E o estranho jeito de ser daquela garota
não se limitava à pressa sem saber aonde ir. Passando por uma boutique, mesmo correndo,
ela freou seus passos diante da vitrine para observar sua própria imagem
refletida no vidro, demorando alguns instantes a passar a mão pelos cabelos e a
se virar numa olhadela à sua própria figura – principalmente o quadril – como
quem quisesse se certificar de que tudo em seu corpo estava em ordem. Depois
prosseguiu a puxá-lo sem saber para onde.

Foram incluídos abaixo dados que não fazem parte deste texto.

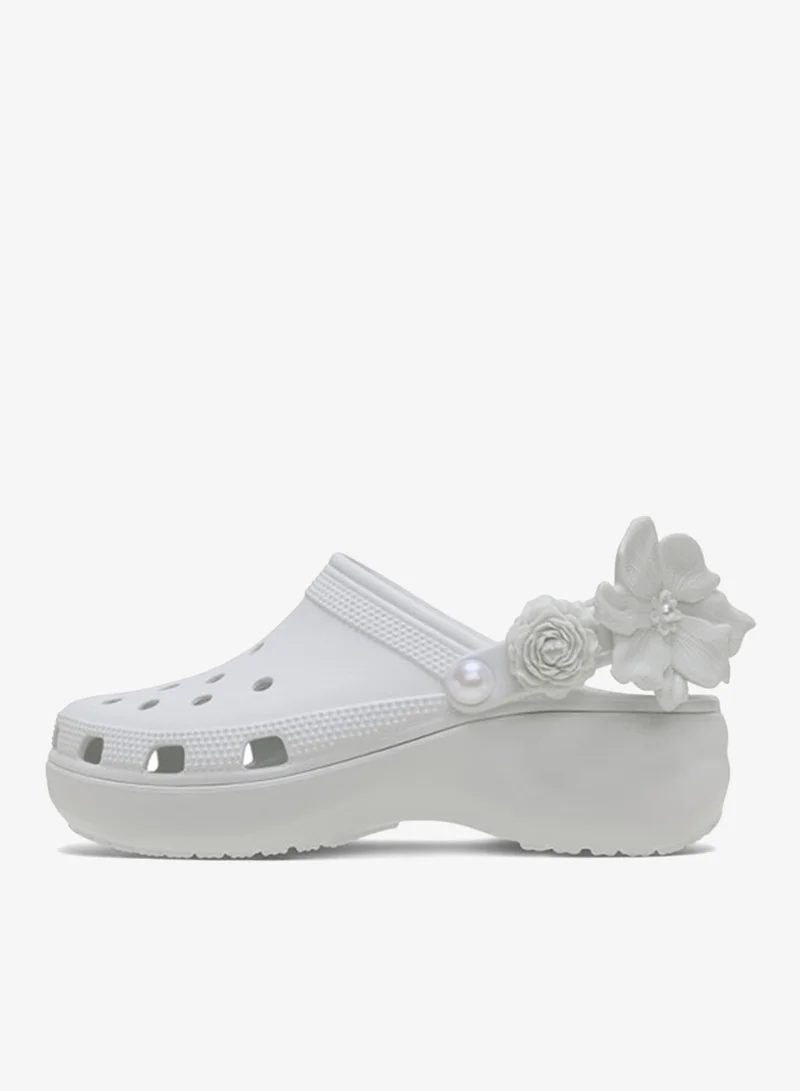crocs Classic Platform Bouquet Clog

Agora Rubião já sabia não ter sido mesmo
boa ideia se meter com aquele ser que se lhe mostrava completamente inadequado
nos modos de agir. Arrastado por ela, a se mostrar dona de uma pressa
misteriosa a confundir sua cabeça, ele não enfrentou dificuldades para fazê-la
mudar o rumo da corrida para a rua transversal onde estava o carro que ele
escolhera para a fuga.
Parecendo adivinhar o que ele tinha em
mente, ela não ofereceu a menor resistência em embarcar na caminhonete assim
que o viu acionar o destravamento das portas. Depois, vendo-a demonstrar pressa
em sair dali, ele nem desconfiou das causas daquela urgência em evadir-se num
avexamento em que ela mesma quase acionou a partida, além de permanecer
impaciente com a demorada manobra dele para deixar o estacionamento.
“Foi
por pouco!” – ouviu-a resmungar, como se não quisesse ser ouvida, para que ele
não se inteirasse dos seus motivos para fugir dalguma coisa a ele desconhecida.
Porém, sendo o momento de extrema tensão, ele foi incapaz de atentar aos verdadeiros
motivos da pressa com que, mais que ele, ela tentava sumir daquele lugar.